** Material provided follows **

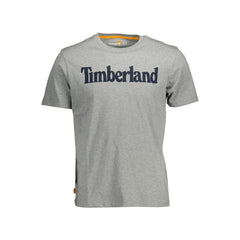 Timberland Brown Organic Cotton Men T-Shirt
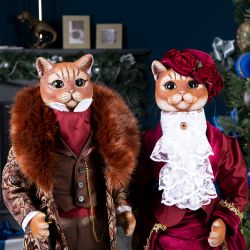 Кукла коллекционная Кошка Леди Парр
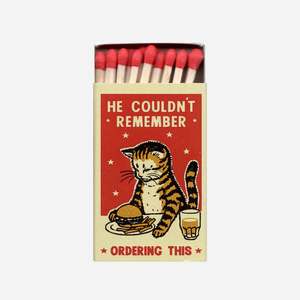 Drunk Cat Matchbox - Couldn't Remember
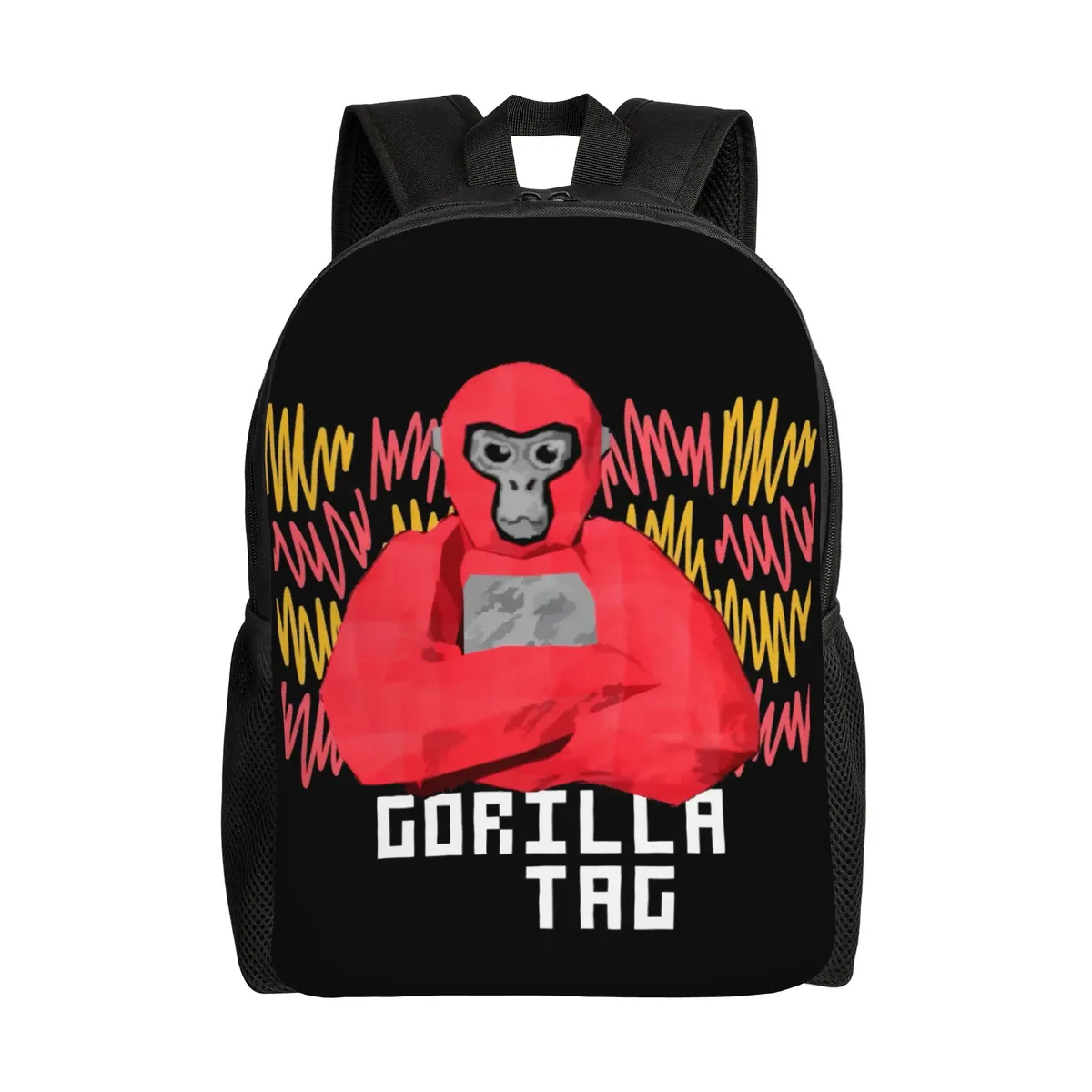 sac à dos eat sleep gorilla tag pour hommes et femmes, sac à dos décontracté pour le lycée, le travail, le quotidien, sac à bandoulière pour le collège, sac à bandoulière pour l'extérieur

** End of Material provided **

→ **What you are asked to do**: Only the lines from the one containing "Drunk Cat Matchbox - Couldn't Remember" through the last line of the data belong in the copy, both included and reproduced exactly. Pictures do not.

→ **Your solution**:
 Drunk Cat Matchbox - Couldn't Remember
 sac à dos eat sleep gorilla tag pour hommes et femmes, sac à dos décontracté pour le lycée, le travail, le quotidien, sac à bandoulière pour le collège, sac à bandoulière pour l'extérieur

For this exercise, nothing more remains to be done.